Problem description -> Exactly the lines starting at the line containing "Educart Class 10th Maths Book" and ending at the line containing "Kris Meenan Wonder flare skirt" are to be written out from the listing below, both included.
***** Supplied material
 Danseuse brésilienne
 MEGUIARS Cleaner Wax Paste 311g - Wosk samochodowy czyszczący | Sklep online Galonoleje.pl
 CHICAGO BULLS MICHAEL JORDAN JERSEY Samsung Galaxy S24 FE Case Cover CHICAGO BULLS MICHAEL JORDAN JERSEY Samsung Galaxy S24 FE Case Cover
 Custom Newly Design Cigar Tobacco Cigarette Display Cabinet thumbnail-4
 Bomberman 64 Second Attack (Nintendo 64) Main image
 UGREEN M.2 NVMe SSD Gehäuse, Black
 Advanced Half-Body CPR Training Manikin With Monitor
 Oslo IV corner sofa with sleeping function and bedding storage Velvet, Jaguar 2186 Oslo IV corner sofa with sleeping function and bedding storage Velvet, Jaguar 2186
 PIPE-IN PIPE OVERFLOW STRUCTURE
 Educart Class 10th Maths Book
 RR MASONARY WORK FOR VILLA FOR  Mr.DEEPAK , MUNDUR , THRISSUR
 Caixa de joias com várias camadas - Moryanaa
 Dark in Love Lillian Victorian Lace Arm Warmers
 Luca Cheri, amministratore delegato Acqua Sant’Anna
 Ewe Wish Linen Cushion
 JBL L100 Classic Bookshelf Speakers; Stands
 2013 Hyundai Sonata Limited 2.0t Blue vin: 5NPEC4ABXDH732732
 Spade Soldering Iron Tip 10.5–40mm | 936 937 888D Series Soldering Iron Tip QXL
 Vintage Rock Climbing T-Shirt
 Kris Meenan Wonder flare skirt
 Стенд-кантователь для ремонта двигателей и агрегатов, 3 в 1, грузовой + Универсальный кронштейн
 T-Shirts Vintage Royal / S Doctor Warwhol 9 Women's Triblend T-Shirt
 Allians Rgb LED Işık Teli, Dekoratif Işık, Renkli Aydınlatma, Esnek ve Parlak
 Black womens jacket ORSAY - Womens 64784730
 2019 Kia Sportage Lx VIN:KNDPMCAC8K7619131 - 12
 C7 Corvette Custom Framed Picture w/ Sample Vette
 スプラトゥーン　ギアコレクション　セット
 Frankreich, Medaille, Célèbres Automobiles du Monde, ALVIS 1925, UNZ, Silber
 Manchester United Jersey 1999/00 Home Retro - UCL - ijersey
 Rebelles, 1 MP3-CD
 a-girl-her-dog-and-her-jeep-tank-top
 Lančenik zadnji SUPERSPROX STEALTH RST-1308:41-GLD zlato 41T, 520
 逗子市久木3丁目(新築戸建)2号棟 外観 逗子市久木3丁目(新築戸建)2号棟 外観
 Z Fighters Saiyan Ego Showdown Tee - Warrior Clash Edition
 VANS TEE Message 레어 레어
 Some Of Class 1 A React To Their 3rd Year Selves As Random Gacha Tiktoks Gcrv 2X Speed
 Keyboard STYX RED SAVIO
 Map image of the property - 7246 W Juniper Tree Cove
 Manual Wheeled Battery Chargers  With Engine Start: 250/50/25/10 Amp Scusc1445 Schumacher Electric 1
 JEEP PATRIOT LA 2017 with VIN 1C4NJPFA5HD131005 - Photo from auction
**********
Problem solution ->
 Educart Class 10th Maths Book
 RR MASONARY WORK FOR VILLA FOR  Mr.DEEPAK , MUNDUR , THRISSUR
 Caixa de joias com várias camadas - Moryanaa
 Dark in Love Lillian Victorian Lace Arm Warmers
 Luca Cheri, amministratore delegato Acqua Sant’Anna
 Ewe Wish Linen Cushion
 JBL L100 Classic Bookshelf Speakers; Stands
 2013 Hyundai Sonata Limited 2.0t Blue vin: 5NPEC4ABXDH732732
 Spade Soldering Iron Tip 10.5–40mm | 936 937 888D Series Soldering Iron Tip QXL
 Vintage Rock Climbing T-Shirt
 Kris Meenan Wonder flare skirt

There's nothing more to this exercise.